Tierschutz#
Protection of animals: Under Austrian law animals are seen as property and the infliction of damage and the killing of an animal without the consent of the owner is damage to property. However, several provincial laws pay due regard to animals as living beings and forbid cruelty to animals, exploitation and maltreatment and threaten offenders with administrative penal proceedings; humane slaughtering is legally provided for. In 1992 Austria signed the European Convention for the Protection of Animals Kept for Farming Purposes, which aims at introducing minimum standards for keeping farm animals (especially in confinement-type husbandry) and which makes binding provisions for the proper treatment and keeping of all animals (species-appropriate animal husbandry). Implementation is within the remit of the individual provinces.
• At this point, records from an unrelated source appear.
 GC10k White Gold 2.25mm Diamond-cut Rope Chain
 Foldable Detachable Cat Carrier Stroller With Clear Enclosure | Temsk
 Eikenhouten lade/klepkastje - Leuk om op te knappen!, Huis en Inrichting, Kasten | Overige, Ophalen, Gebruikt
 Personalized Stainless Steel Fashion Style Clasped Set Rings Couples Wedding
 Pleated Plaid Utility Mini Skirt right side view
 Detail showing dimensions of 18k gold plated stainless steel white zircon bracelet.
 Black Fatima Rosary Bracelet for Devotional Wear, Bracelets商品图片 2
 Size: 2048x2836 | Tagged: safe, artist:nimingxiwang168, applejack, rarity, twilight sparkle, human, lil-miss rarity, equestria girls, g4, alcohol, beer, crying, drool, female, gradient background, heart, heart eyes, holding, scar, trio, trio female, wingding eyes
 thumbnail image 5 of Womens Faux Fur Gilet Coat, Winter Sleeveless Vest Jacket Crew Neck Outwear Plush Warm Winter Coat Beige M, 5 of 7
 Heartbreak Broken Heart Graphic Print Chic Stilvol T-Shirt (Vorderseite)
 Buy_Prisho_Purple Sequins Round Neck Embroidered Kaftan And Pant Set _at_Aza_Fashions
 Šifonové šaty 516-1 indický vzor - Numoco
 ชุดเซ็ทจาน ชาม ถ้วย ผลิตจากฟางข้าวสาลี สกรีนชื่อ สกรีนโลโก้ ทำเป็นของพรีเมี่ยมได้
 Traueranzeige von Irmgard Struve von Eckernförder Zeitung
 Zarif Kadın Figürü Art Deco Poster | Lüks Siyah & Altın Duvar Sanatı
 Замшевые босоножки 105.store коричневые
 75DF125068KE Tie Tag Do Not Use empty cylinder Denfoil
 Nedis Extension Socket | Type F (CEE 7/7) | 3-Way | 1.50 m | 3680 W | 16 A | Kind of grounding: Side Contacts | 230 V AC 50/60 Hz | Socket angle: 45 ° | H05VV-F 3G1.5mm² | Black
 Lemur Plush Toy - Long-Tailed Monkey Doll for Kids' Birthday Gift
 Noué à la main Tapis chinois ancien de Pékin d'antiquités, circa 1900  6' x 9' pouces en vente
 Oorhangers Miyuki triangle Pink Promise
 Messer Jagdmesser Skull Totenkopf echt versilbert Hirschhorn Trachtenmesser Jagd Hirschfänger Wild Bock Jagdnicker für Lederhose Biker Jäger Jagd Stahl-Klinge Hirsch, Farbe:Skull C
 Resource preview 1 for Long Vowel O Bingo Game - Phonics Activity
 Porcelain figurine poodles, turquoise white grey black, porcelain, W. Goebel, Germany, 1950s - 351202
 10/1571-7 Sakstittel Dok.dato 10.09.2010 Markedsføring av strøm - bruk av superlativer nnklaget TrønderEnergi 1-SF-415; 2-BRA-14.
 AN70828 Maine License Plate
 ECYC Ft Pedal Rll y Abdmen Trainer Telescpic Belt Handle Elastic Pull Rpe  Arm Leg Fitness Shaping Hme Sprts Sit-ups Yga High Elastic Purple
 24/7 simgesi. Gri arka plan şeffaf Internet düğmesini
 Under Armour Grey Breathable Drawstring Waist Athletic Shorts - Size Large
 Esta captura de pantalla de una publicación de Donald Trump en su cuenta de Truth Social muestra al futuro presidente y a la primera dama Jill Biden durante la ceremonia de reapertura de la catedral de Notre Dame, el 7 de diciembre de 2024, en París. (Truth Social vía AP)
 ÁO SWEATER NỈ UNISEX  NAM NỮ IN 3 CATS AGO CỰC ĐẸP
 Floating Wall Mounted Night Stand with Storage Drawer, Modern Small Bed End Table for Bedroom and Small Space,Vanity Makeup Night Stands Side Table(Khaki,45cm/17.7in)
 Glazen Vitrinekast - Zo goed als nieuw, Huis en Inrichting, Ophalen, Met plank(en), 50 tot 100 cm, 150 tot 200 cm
Hunting and fishing fall within the jurisdiction of the provinces,
which not only determine the amount of fish and game to be caught and
hunted but also the methods of fishing and hunting and also the
duration of the close season. Regulations concerning hunting and
poaching, which contained certain provisions for the protection of
animals, were first issued in the 18th and 19th
centuries. The first law on the protection of birds was passed in
Styria in 1868 (a similar law had been passed in Galicia as early as
1854), other Austrian provinces followed later (Lower Austria in
1889). The legal protection of individual species began after 1918 and
has been embodied in the various laws on nature conservation.
Protected animals in Austria are: all bats indigenous to Austria and
most birds of prey, amphibians and reptiles.